Chicago Fire 2 (Nikolic 50’, Vincent 84’)
Portland Timbers 2 (Valeri 6’, Blanco 55’)
Maybe we’ve been on the wrong side of this MLS thing all along. Maybe the aspects we’ve furiously derided as bugs within the makeup of the league all these years - the McSoccerness of the whole thing, franchises fighting franchises for the right to nothing, forever - are really features: A new football universe blooming right before our eyes, the old hatreds put aside in favor of appreciation of everyone’s effort, of the beautiful moment, of friendship and affirmation and kindness.
It’s in the midst of moments like Saturday’s soccer festival at Toyota Park that such ideas can almost reach the level of plausibility, and who can blame MLS for dreaming? Surely that moment just after one proposes the project of owning all the football is exactly when football’s history of channelling the worst of humanity’s impulses would rush to the minds of the bean-counters running the project. Say what you will about the dangers of extended peace, but revolutions make reinsurance absolutely impossible, and how then to go on? I’m not risking *my* money.

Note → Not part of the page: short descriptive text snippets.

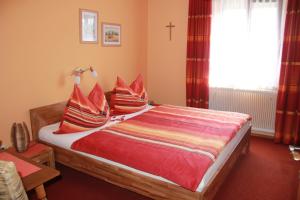 A bed or beds in a room at Haus Regina
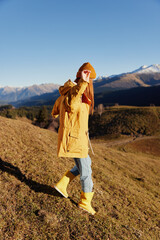 Woman back full-length walks on a hill and looks at the mountains in a yellow raincoat and jeans in the autumn happy trip in the sunset sunset hiking, freedom lifestyle 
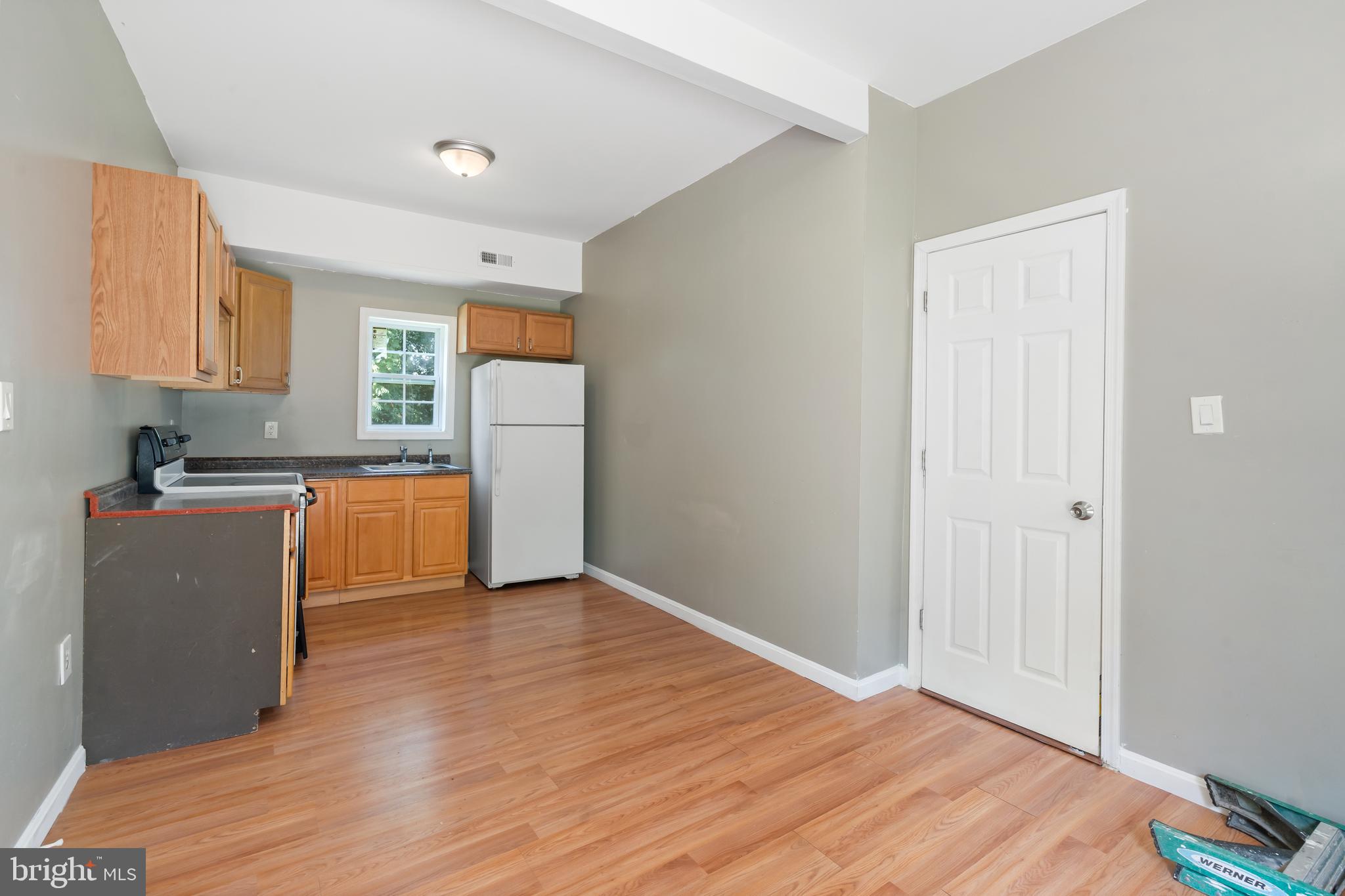 4400 6th Street Baltimore, MD 21225 - Photo 29 of 45 a view of a kitchen with a sink cabinets and wooden floor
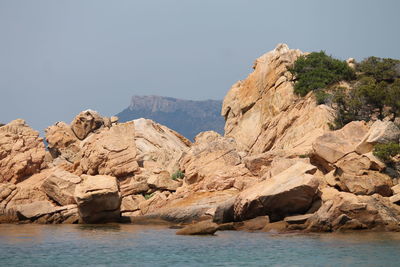 Rock formations by sea against clear sky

So supporters of the Fire and Timbers, born from a more innocent time, have really never gotten down to the serious business of hating each other. We don’t play often enough, y’know, and we’ve never really gotten in each other’s way. Today, when the Men in Red really needed a friend, the visitors from the Rose City were there to do them a solid, leaving Bastian Schweinsteiger with several untroubled hours to measure a back-post cross that Brandon Vincent banged home to level the score: 2-2, where it would end, 9 minutes later. Of course, this solid means that Portland still hasn’t won in four outings, but that’s where Major League Friendship snookers the rest of world football … doing us this solid has zero consequences.*
The Timbers took the lead very early, when it still looked possible that the visiting support from the west coast would outnumber the home fans willing to ignore Loyola’s historic run to the NCAA basketball final four. Chicago’s Tony Tchani - in a pattern that would prevail throughout the match - gave the ball away under moderate pressure, then applied himself to the task of winning the ball back from the much smaller Portland attacker Sebastian Blanco. But Blanco had a surprise for Tchani - while not tall or obviously bulky, the Argentine attacker has amazing balance, and he stood off the larger man’s challenge for 30 yards while waiting until every defensive eye was on him to feed Timbers genius-in-residence Diego Valeri just outside the box. Given this hard-won chance, Valeri did not bobble it, feinting Fire keeper Richard Sanchez to ground before chipping the ball into the yawning goalmouth.
Chicago responded to falling behind by staggering about blindly as if struck by an invisible assailant. A switch to a 3-5-2 after 30 minutes moved Schweinsteiger further from goal, with the upside of neutralizing mammoth Timbers striker Fanendo Adi and the downside of neutralizing Schweinsteiger. After some halftime consultation, though, the alignment started to show a promising flexibility, as the centerbacks took it in turns to take play into midfield, creating overloads that had the visitors scrambling.
Predictably, the most successful of these forays came from Basti, whose confidence in the libero role (that great conundrum, the creative defender) grew visibly during the second half. A long interval of possession finally drew blood 5 minutes after halftime - Schweinsteiger surging forward to nip out a loose ball, barging into the attacking zone on a right-to-left diagonal that uses a wall pass with Nemanja Nikolic to create a little space, then (his run finally hounded down by Portland defenders) stabbing a scruffy little ball to Vincent. Something about the preceding play had left the Timbers defense mired between moments, with no one marked and no pressure on the ball. Neither Vincent, the crosser, nor Nikolic, the finisher, made too much of the simple tasks left for them, and after 50 minutes, the game was tied at 1.
Like the earlier deadlock (the one which began at kickoff), this didn’t last long. Blanco, recognizing that Fire sub Diego Campos had lost track of him, stormed forward unmarked on a run from deep midfield. Basti’s recognition of the danger came a moment too late, as Blanco was able to fly onto a Andres Flores cross unchallenged from 8 yards out. Blanco’s third goal of the year made the score 1-2, Timbers, and set the stage for the Basti-Vincent connection that would win the Fire their first point of the season.
In the dying moments of the game, Blanco ran down an errant long ball from the Fire on the left wing. While jogging to make a throw-in, one of the Fire ball-boys - in a bit of passive-aggressive efficiency - hit him in the face with the ball by throwing it earlier than Blanco expected. The home fans howled approbation; Blanco held his hands out like, “Why did you do that?” Taking in the moment - the howls of the sparse crowd, the supplication for reasonableness from an opposition star - the kid did the Chicago Thing, smirking and breaking eye contact without breaking stride.